*** Begin section ***

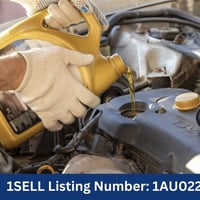 Advanced Auto Mechanic-Lake Macquarie image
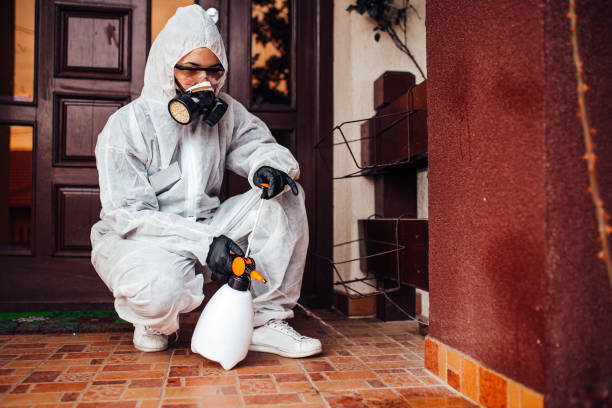 Attic and Crawl Space Rodent Treatment in Ballard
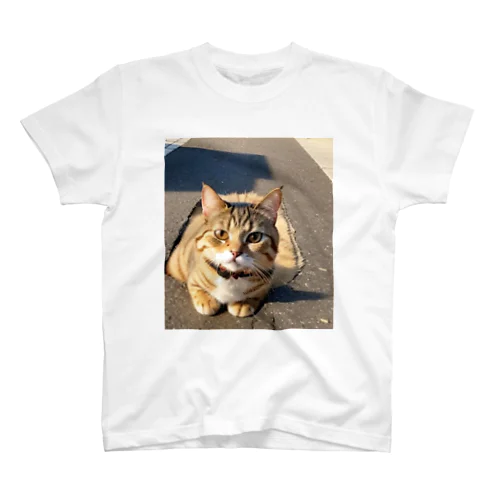 道路にすっぽりはまる猫 Regular Fit T-Shirt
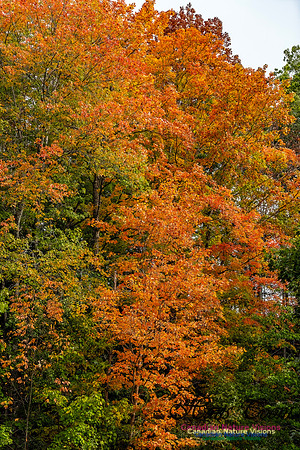 Smiley's Provincial Park Colours and Points On Route 109 copy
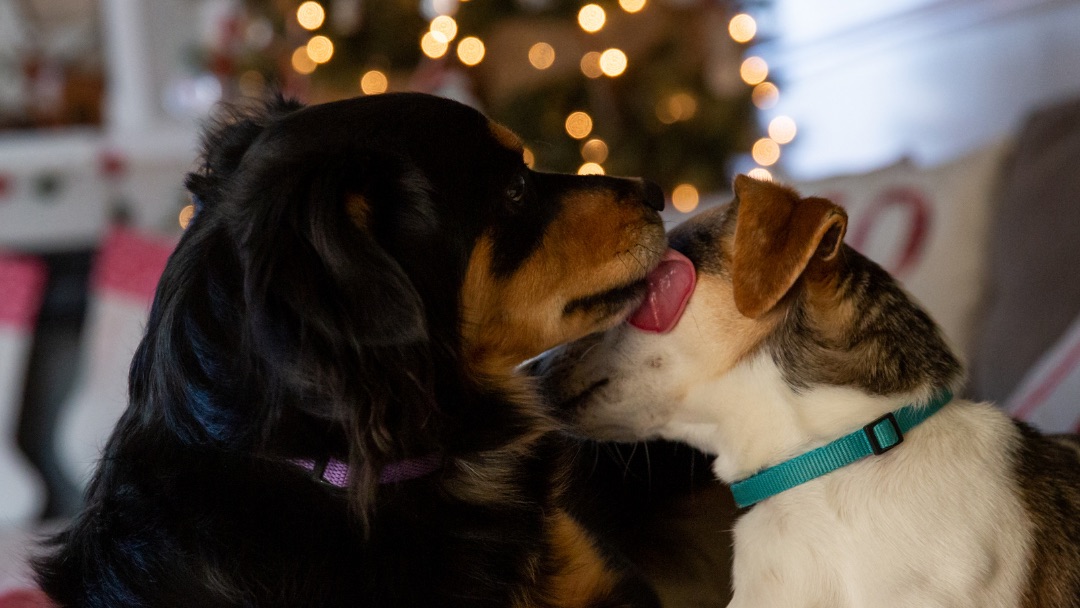 Canpressco tweet media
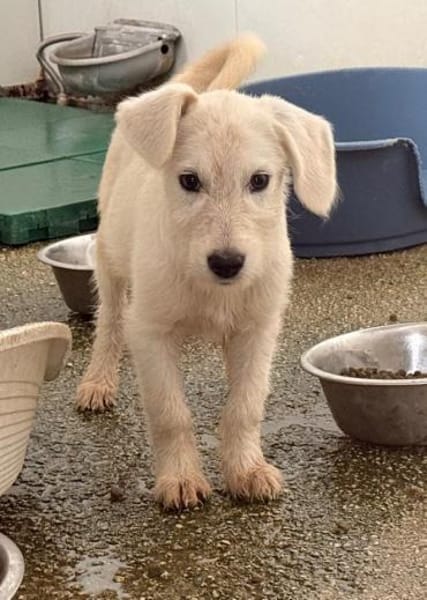 Polare im Tierheim Schwandorf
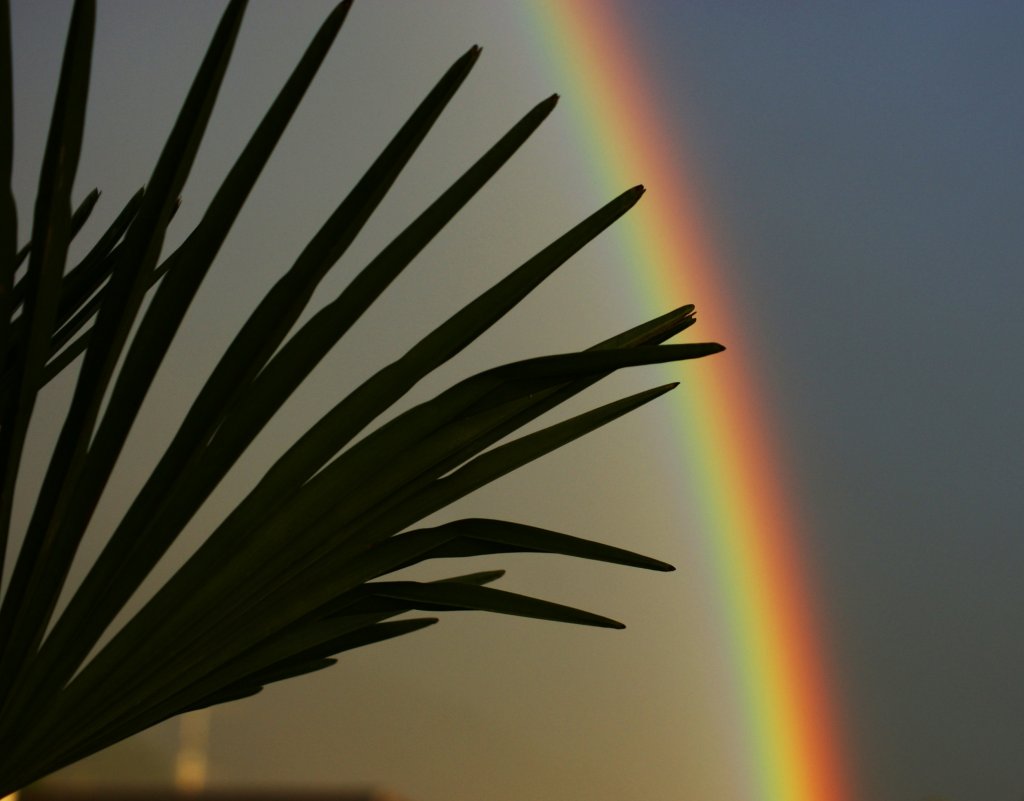 Eine Palme unter einem Regenbogen
(15.08.2010)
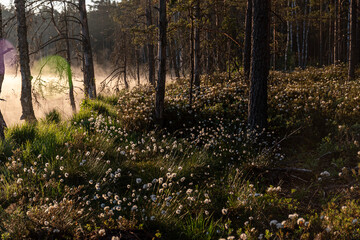 Cotton grass is a genus of sedges, they are common in northern hemisphere temperate swamps and tundra, wet forests, Eriophorum vaginatum, fog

*** End section ***

* _Work request_: Your copy must hold exactly the lines from the one with "Attic and Crawl" to the end of the records above, both included, and no pictures.

* _Solution_:
 Attic and Crawl Space Rodent Treatment in Ballard
 道路にすっぽりはまる猫 Regular Fit T-Shirt
 Smiley's Provincial Park Colours and Points On Route 109 copy
 Canpressco tweet media
 Polare im Tierheim Schwandorf
 Eine Palme unter einem Regenbogen
(15.08.2010)
 Cotton grass is a genus of sedges, they are common in northern hemisphere temperate swamps and tundra, wet forests, Eriophorum vaginatum, fog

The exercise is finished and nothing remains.